On one view of it, it nevertheless remains possible to argue that there is a disparity between the sentences imposed on Minehan and the applicant. It is, however, subject to a further consideration which his Honour expressly allowed for in arriving at the 5 year term of imprisonment imposed. It was that both Hatch and the applicant were also sentenced for an offence of being accessory after the fact to the murder of another worker named Lohman at the Gin Gin property. He was killed by Minehan allegedly because he had raped Minehan's wife. For this, Dowsett J. sentenced each of them to imprisonment for 1 year as accessory after the fact.
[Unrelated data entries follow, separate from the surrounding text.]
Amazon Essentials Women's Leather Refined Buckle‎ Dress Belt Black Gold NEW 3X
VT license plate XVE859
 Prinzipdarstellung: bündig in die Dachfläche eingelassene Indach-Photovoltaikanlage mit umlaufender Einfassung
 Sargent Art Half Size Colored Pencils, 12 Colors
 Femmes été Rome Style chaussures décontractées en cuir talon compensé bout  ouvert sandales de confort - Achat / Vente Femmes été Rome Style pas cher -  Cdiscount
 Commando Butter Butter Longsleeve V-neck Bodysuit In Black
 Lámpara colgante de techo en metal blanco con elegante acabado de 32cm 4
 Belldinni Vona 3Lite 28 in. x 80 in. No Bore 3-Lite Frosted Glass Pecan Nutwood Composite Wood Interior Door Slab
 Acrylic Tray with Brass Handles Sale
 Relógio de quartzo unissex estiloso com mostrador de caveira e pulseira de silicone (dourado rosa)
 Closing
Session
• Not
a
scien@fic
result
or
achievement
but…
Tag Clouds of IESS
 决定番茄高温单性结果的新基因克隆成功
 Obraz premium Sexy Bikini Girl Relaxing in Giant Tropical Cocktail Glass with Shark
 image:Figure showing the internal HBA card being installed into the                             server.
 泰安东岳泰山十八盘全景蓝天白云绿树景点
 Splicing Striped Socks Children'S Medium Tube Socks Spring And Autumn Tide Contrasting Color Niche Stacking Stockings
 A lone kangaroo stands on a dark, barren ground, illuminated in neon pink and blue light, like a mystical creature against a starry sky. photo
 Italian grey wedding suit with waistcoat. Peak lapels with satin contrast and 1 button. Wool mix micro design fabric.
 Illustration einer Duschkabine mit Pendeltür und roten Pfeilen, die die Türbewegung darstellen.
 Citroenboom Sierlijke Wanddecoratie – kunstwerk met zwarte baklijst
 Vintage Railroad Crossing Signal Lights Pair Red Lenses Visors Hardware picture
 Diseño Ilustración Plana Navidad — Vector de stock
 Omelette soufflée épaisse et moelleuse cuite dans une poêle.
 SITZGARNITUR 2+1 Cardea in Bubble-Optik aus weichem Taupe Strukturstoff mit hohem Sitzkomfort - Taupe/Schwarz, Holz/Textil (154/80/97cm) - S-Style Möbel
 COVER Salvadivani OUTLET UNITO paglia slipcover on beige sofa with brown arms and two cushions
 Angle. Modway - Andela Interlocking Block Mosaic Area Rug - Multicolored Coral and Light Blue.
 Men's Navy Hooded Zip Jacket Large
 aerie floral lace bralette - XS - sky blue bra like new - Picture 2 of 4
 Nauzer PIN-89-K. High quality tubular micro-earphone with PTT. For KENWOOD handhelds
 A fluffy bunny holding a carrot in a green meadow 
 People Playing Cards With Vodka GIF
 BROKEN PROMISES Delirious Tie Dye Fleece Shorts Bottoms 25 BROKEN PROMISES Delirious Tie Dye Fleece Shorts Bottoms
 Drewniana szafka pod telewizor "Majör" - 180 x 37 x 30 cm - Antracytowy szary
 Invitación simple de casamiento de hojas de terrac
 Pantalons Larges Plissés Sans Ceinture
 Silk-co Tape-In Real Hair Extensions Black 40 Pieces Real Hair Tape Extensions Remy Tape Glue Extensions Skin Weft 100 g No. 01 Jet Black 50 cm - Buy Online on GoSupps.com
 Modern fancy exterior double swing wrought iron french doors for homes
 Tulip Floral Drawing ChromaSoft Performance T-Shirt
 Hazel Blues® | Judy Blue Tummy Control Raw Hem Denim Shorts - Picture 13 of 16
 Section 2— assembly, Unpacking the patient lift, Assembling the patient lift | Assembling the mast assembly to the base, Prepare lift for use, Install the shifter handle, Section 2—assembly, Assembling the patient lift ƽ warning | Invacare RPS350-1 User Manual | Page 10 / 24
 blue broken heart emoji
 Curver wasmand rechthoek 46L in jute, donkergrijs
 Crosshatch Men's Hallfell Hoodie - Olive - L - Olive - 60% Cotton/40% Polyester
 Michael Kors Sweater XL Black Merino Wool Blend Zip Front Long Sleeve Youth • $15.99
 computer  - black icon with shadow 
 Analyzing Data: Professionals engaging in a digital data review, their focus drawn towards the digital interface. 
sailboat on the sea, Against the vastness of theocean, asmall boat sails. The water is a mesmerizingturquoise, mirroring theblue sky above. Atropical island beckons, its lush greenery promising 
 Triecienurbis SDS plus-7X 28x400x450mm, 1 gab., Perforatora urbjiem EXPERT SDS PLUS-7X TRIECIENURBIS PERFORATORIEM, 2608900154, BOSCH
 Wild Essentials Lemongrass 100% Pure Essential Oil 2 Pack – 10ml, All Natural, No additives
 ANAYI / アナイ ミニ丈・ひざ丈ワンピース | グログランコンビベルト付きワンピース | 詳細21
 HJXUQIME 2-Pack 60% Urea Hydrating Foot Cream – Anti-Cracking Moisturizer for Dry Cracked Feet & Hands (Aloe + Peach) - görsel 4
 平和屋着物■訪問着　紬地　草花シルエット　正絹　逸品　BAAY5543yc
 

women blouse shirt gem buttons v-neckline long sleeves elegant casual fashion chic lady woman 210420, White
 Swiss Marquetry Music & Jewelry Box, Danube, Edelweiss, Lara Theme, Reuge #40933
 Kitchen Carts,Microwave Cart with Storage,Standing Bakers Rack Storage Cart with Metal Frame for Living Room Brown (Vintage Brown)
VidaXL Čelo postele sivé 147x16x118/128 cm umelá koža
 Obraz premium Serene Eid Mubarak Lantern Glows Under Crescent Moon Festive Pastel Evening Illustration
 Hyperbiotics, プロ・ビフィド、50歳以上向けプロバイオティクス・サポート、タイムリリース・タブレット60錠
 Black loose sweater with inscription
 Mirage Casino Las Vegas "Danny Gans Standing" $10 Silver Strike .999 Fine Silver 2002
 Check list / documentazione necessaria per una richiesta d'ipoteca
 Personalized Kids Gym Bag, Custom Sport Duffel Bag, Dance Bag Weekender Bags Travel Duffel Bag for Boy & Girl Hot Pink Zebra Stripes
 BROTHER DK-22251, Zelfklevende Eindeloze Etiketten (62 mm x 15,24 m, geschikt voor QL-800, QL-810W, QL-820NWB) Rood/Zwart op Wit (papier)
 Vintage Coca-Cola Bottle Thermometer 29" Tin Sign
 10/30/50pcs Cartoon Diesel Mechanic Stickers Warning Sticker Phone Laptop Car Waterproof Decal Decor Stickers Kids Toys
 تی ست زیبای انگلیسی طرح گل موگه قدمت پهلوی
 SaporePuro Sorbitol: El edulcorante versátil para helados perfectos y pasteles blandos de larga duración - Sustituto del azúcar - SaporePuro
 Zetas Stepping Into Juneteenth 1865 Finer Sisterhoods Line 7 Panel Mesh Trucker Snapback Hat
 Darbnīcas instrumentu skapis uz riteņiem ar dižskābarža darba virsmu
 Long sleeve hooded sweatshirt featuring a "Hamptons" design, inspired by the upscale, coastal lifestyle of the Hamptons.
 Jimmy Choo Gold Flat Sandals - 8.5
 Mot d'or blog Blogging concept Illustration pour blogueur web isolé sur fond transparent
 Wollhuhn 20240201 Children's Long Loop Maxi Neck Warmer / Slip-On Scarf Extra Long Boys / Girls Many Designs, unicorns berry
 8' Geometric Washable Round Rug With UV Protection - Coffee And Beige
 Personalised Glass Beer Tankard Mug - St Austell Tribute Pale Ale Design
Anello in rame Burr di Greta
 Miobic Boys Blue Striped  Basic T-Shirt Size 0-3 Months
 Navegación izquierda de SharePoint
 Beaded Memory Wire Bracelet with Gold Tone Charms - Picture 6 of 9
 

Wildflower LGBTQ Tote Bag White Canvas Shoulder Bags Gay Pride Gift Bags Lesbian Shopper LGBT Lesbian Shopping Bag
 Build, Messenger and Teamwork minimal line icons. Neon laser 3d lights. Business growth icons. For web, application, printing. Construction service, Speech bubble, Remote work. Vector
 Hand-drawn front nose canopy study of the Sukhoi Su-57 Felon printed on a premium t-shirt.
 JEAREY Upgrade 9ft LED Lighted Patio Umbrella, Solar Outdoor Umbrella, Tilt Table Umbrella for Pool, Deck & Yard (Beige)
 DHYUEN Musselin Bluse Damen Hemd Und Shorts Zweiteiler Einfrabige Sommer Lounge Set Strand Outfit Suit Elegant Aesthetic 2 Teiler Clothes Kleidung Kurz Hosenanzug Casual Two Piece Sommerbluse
His Honour considered the applicant's involvement to have been minimal, consisting primarily of locating Lohman's clothes and disposing of them after his death. Concealment was necessary because the killing had the potential to jeopardise the security or secrecy of the cultivation enterprise. In the result, in sentencing the applicant on the drug offences now before us, the learned sentencing judge in this instance decided not to make the sentence he imposed for those offences cumulative on the 1 year sentence imposed by Dowsett J. for that other offence. In doing so, his Honour said that appropriate recognition would be given to the factors distinguishing the applicant's case from that of Minehan by making an order for imprisonment which would operate concurrently with his existing sentence for being accessory after the fact to murder.
It was on this basis that the 5 year sentence was arrived at. Viewed in that way it does not compare unfavourably with the 4 year sentence imposed on Minehan, who presumably faces a much longer cumulative sentence for the killing.
When all these matters are brought to account, it is not possible to conclude that the sentencing discretion miscarried. The sentence of imprisonment for 5 years was within the range, and appropriate to all the circumstances including the applicant's past history; the extent of his participation in the venture; and his admission of his part in the venture.
The application for leave to appeal should be dismissed.